Data Warehousing and Business Intelligence

5 March 2011

SSIS: Importing a File with Dynamic Columns

Filed under: SQL Server,SSIS — Vincent Rainardi @ 9:25 am
Tags: ,

One of the most difficult things to deal with in the ETL is importing a file with dynamic columns. The file does not have a set number of columns. The number of columns changes from time to time. For example, the file can have 5 columns, or 20 columns, or anything in between.

Below are some examples of such a file:

File1:
Col1,Col2,Col3t1,Col3t2,Col3t3
a,a,1,1,1
b,b,2,2,2
c,c,3,3,3

In the above example the number of columns for Column3 is 3. But it could be 4, 5, 6 or more, we don’t know.

Before we look at the ETL side, we need to look at the data modelling side first. What kind of target table should we create to host these files.

Data Modelling

Essentially there are 2 choices.

1. We could make it normalised like this:

Table1:
Col1,Col2,Col3Type,Col3Value
a,a,t1,1
b,b,t2,1
c,c,t3,1
a,a,t1,2
b,b,t2,2
c,c,t3,2
a,a,t1,3
b,b,t2,3
c,c,t3,3

In principle we design the structure so that we have a fixed number of columns. It doesn’t matter how many columns in the source file, we will always have 4 columns in the table.

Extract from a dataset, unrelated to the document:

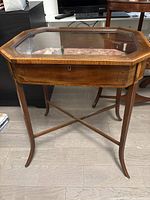 Full view of wooden glass-top display table showing octagonal top and legs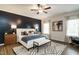 Beautiful bedroom featuring a stylish accent wall, ceiling fan, and natural light at 52 E American Marigold Dr # 63, Benson, NC 27504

The drawback of this design is when we query it. If we need to produce File1 from Table1, we would need to pivot the table like this:

select Col1, Col2, t1 as Col3t1, t2 as Col3t2, t3 as Col3t3
from
( select Col1, Col2, Col3Type, Col3Value
from Table3
) P1
pivot
( sum(Col3Value) for Col3Type in (t1, t2, t3)
) as P2

Output:
Col1,Col2,Col3t1,Col3t2,Col3t3
b,a,1,1,1
a,b,2,2,2
c,c,3,3,3

If we have 2 tables like that we need to join them together on the common column(s) and it becomes even trickier. If we are dealing with 1 million rows column, we risk a serious performance degradation. This might not be a problem for a data mart, but if it is for a transaction system where millisecond response time is expected, this design does not serve the purpose.

Alternative Design

The alternative is to find out how many columns Col3 is. We know it could be 3 to 5, but could it be 100 columns. Spending 5 minutes with the subject matter expert to understand the characteristic of Col3, is well worth it. I have seen this dynamic columns case 3 times (the first time was about 12 years ago) and on every case they followed the book/theory (to normalise) and everytime they regretted it. On the second case (about 8 years ago) when I was involved in troubleshooting the performance issue, in the end we changed the table structure to denormalised the table structure.

So, I would recommend to find out how many columns Col3 is. 90% of the chance is: it is not that many. The response I usually get from the SME is something like this: “Most likely Col3 varies between 3 and 5 columns, it certainly won’t exceed 8″. There is a natural meaning of this data, that’s why the range is limited. For example: Col3 could be the number of teams, or the number of projects, or the number of web sites, or the number of product types. In the business world most of the data is within a certain range. You can’t have 100 teams for example. It’s physically impossible for a company as it is limited by budget constraints.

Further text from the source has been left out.